(Input data Opens)

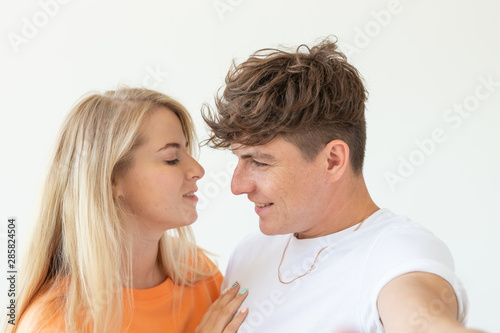 Portrait of a cute positive cheerful young couple of students taking selfie on a smartphone or camera. The concept of a passionate young couple in love with students.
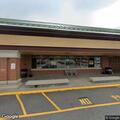 Officer checks vehicle in Hannaford parking lot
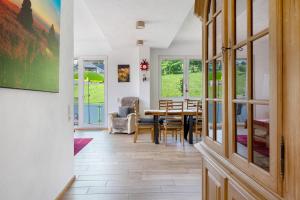 a dining room with a table and chairs at Sport Rees- Ferienwohnung Ulrich in Hofsgrund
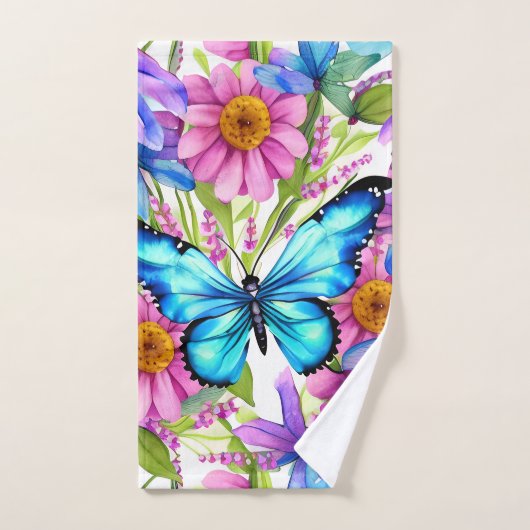 Papillon bleu dans un champ de fleurs (Serviette à main)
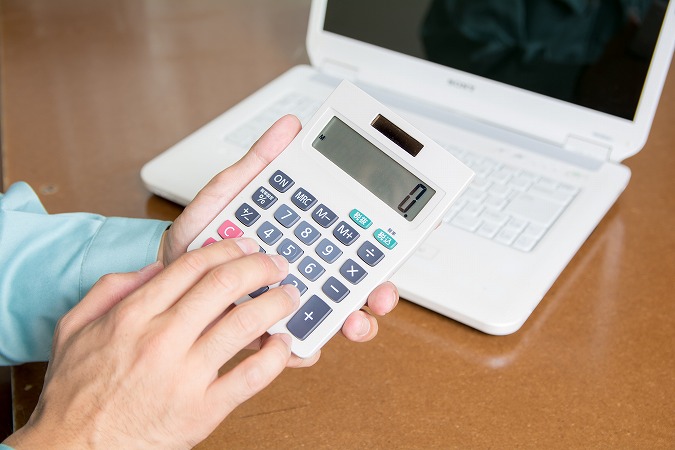 電卓を打つ作業服の男性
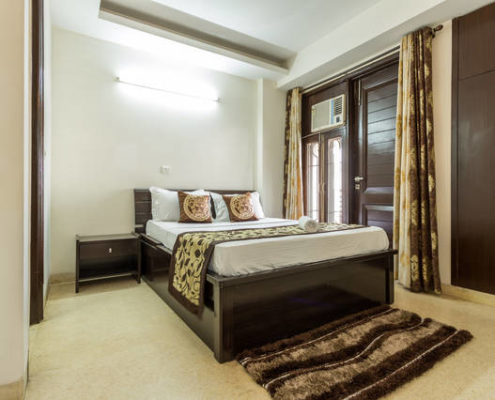 Serviced apartments in Gurgaon for short long stay rentals with furnished bedroom and modern amenities.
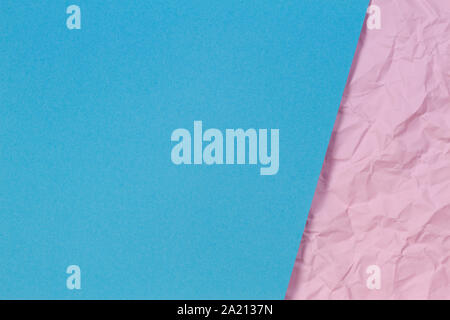 Light blue blank paper sheet over pastel pink crumpled wrinkled paper texture background Stock Photo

(Input data Closes)

_Work required_
Beginning with the line that contains "電卓を打つ作業服の男性" and ending with the final line of the material, reproduce those lines exactly and nothing else. Omit the pictures.

_Written answer_
 電卓を打つ作業服の男性
 Serviced apartments in Gurgaon for short long stay rentals with furnished bedroom and modern amenities.
 Light blue blank paper sheet over pastel pink crumpled wrinkled paper texture background Stock Photo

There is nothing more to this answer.